After losing about half her weight in the past year, 2013 Times Colonist Health Challenge participant Suzie Spitfyre is talking about becoming something she never thought possible — a mother.
Spitfyre has lost 143 pounds since last year’s 2013 Health Challenge, bringing her weight down to about 150 pounds. It’s likely she’s even a few pounds less than 150, but she doesn’t have her official weigh-in until later this week.
The 38-year-old, now a trim five-foot-two, is coming close to her goal of 137 pounds. (Her trainer, John Carpenter, suggested 140, but she likes odd numbers.) So Spitfyre and her husband of eight years are starting to talk about kids.
Read Suzie's blog HERE
“It’s actually become pretty interesting because before, I didn’t even think I would ever be able to have kids,” she said in an interview Monday after a workout at Crystal Pool.
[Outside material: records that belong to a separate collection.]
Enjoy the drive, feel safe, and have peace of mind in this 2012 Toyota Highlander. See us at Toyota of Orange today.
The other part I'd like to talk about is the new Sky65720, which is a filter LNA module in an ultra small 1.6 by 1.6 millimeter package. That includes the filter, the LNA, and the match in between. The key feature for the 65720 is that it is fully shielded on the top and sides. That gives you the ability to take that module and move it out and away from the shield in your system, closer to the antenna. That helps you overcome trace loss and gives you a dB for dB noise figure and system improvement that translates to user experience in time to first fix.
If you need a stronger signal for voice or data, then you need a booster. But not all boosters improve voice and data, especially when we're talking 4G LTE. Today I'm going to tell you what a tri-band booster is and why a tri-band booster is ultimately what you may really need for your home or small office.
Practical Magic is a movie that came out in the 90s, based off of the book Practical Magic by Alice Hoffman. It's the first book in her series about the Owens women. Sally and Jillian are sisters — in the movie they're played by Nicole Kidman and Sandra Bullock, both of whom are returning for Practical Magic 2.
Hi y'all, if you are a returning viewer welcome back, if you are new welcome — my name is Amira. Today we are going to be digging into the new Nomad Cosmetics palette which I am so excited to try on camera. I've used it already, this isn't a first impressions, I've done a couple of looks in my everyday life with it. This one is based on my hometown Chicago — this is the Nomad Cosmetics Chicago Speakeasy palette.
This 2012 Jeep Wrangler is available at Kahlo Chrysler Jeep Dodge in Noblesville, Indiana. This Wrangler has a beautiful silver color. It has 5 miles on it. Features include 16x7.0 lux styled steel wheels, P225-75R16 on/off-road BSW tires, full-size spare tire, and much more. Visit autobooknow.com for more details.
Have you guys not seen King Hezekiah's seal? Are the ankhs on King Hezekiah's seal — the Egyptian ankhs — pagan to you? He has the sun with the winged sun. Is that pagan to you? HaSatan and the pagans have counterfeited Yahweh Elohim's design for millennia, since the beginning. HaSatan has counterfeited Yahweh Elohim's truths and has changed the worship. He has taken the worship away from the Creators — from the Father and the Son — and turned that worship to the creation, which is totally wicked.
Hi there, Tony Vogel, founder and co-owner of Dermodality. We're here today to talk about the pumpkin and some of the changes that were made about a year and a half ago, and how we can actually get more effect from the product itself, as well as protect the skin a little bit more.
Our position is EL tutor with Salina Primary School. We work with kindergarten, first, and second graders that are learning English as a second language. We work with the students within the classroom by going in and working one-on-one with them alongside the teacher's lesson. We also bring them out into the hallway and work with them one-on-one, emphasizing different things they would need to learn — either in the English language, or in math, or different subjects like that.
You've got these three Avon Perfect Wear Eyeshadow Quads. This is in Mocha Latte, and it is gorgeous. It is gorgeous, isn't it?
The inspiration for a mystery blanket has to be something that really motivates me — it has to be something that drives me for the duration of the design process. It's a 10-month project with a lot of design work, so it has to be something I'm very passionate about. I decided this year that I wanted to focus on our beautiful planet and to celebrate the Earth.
“But now it’s one of those possibilities that have become pretty exciting.”
Spitfyre was one of five participants in last year’s Times Colonist Health Club Challenge. It’s a 12-week fitness and recreation plan that includes sessions with a physical trainer and a dietitian.
The challenge is overseen by the Pacific Institute for Sport Excellence. Each participant is assigned to a fitness centre: PISE, Juan de Fuca Recreation, Crystal Pool and Fitness, Panorama Recreation or Oak Bay Recreation.
But this year, at the request of the recreation centres, the six finalists will be four families and two individuals. The entry deadline is Wednesday.
Jason Scriven, Times Colonist retail advertising sales manager, said the Health Challenge is a good fit for families looking for activities to do together, but wonder how they can manage the time with the busy schedules of parents and kids.
Scriven said with each family assigned to a centre, they will have its wide spectrum of activities and facilities to choose from to suit their own schedules. It might be a pilates class, or spinning; whatever works for each family to get in shape and have fun.
“Fitness is a great thing for families,” Scriven said.
Scriven also expressed huge admiration for Spitfyre’s successes with the program.
Spitfyre was actually quite an athlete when she was younger. She played varsity-level field hockey at Simon Fraser University, where she studied archeology. Post-graduate studies took her to digs in Malta and Ireland and she enjoyed every minute. She ended up in Montreal, where she was born, and fell into that city’s lifestyle of good food and fun.
She said the weight was something that seemed to pile on gradually as she was enjoying her life, socializing, partying, eating and drinking. Whether it was a tray-sized plate of poutine, or french fries with everything.
“I don’t know why I was convinced it made me feel good, because it didn’t really,” she said.
Finally, it got to the point where her doctor told her the weight was beginning to affect her health. It came with a sprained ankle, a result of walking during a vacation in New Orleans while being well above a healthy weight.
“I knew I had to change because the doctors were telling me,” she said.
She counts herself blessed for being selected to the Health Challenge and for having an employer, Mac Cosmetics, that allowed her to take a medical leave to get her weight under control.
Now she never eats junk food, and adapts all the recipes of things she once loved to make them with healthy ingredients and taste great. She loves the outdoors and activities such as kayaking, and jokes she has “gone all British Columbian” when she thought she was a Quebecer for life.
“I’ll start hugging trees and grow dreadlocks,” Spitfyre said. “Not really.”